Identification of baseline characteristics that would increase the probability of treatment failure poses an appropriate strategy to reduce the rate of surgical reintervention and improve patient counselling. However, baseline predictors of failure seem to widely vary among studies. Some of these predictors are summarized in Table 2 [5,18-20,23-26]. A younger age at EA has been the most consistent predictor of failure among most of these studies [18-20,23-26]. The impact of age may be ascribed to procedure-menopause interval; failure of EA is time dependent and accordingly, older women may get to menopause within few years and avert failure. While approaching menopause, bleeding pattern also tends to be irregular rather than heavy. A younger age also predicted postablation pain; perhaps due to a longer exposure to higher estrogen levels that would stimulate estrogen dependent lesions [27]. Although predictability of age variable seems to be universally accepted among different ablation devices, a cutoff point has not been settled yet with 30 and 45 being the most frequently adopted. A cutoff point of 45 years and 40 years were associated with adjusted hazard ratios (HR) of 2.6 (95% confidence interval [CI] 1.3–5.1) [19] and HR 3.2 (95% CI 2.4–4.2), respectively [18]. Accordingly, CIs are overlapping and the differences do not seem to convey a strong clinical predilection. Age less than 35 years was associated with future bleeding but hysterectomy rate was not higher than other age groups [26]. Accordingly, establishing patient selection of women between 40 and 45 years may be influenced by other clinical circumstances.
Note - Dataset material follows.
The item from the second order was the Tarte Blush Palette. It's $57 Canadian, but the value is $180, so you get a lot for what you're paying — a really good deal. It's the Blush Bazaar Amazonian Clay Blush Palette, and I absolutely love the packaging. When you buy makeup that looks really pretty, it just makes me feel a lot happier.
Tubal ligation has been also recognized as a potential predictor of treatment failure [19,26]. Although it has not been defined as a predictor in all studies, tubal ligation was recognized as a risk factor for postablation cornual and tubal hematometra (postablation syndrome) which necessitates intervention [28-30]. The syndrome was not restricted to a particular ablation device [19,29,30]. It is, therefore, justifiable that women with prior tubal ligation be counselled for the risk of reintervention particularly for postablation pain. Women were also at risk of significant postoperative pain if they were less than 40 years old or if they experienced preablation dysmenorrhea [27]. Dysmenorrhea is another risk factor that has been considerably recognized both in practice and in the literature. Preablation dysmenorrhea was defined as a predictor of EA failure and is commonly addressed during counselling in current practice [19,25,27]. The presence of dysmenorrhea may signify underlying endometriosis or adenomyosis which cannot be definitely excluded prior to EA. Therefore, EA will not largely relieve patient complaint.
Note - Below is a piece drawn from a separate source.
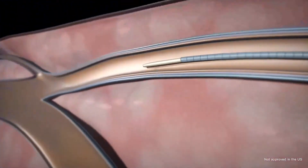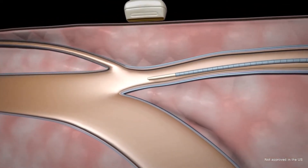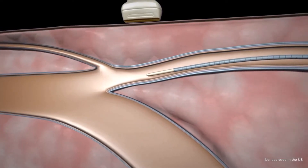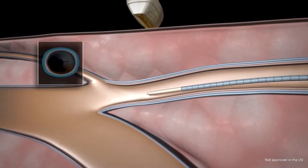The catheter is then advanced near the saphenofemoral junction, also known as the SFJ, which is in the upper leg. Under ultrasound guidance, the catheter is positioned appropriately just below the SFJ.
The role of tobacco use was addressed in 2 previous studies specially as predictors of postablation pain [23,27]. However, this association was not explained given the anticipated relation between smoking and hypoestrogenism [31]. Although the relation between smoking and pain perception is debatable, there is evidence that smoking may increase pain intensity in women with chronic pain owing to central mechanisms [32]. Nevertheless, evidence on smoking contribution in EA failure or its mechanism is lacking and interpretation of this information in practice is still limited. Other predictors of failure were described in individual studies.
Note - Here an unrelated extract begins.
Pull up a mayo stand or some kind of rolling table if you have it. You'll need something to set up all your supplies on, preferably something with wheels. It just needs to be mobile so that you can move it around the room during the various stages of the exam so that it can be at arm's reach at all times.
Endometrial ablation: Perioperative predictors of failure

While most studies primarily assessed how baseline characteristic would impact treatment success, few studies address the role of perioperative measurements including premedications, preprocedure sonographic findings, uterine measurements, and procedure parameters. However, it is generally accepted that a particular uterine length would not allow EA; one of the earliest guidelines for EA, published in 1995, stated that EA should be performed for uterine length <12cm [10]. Although this cutoff point was considered in many studies, A greater success was recognized when a lower cutoff is used [33,34]. A cutoff point of 10cm is now widely adopted [35]. This explains why uterine depth was not frequently evaluated as a predictor of failure in most studies. According to El-Nashar et al., a uterine length ≥9cm was not connected to failure. However, women with uterine lengths <9cm were more prone to amenorrhea [19]. Shaamash and Sayed found that uterine depth would predict EA failure in women treated with thermal balloon EA. The range of uterine depth was 7.5-12cm but no particular cutoff was defined [24]. A recent study found that uterine length >10.5cm was associated with REA failure particularly those caused by post-ablation bleeding [5].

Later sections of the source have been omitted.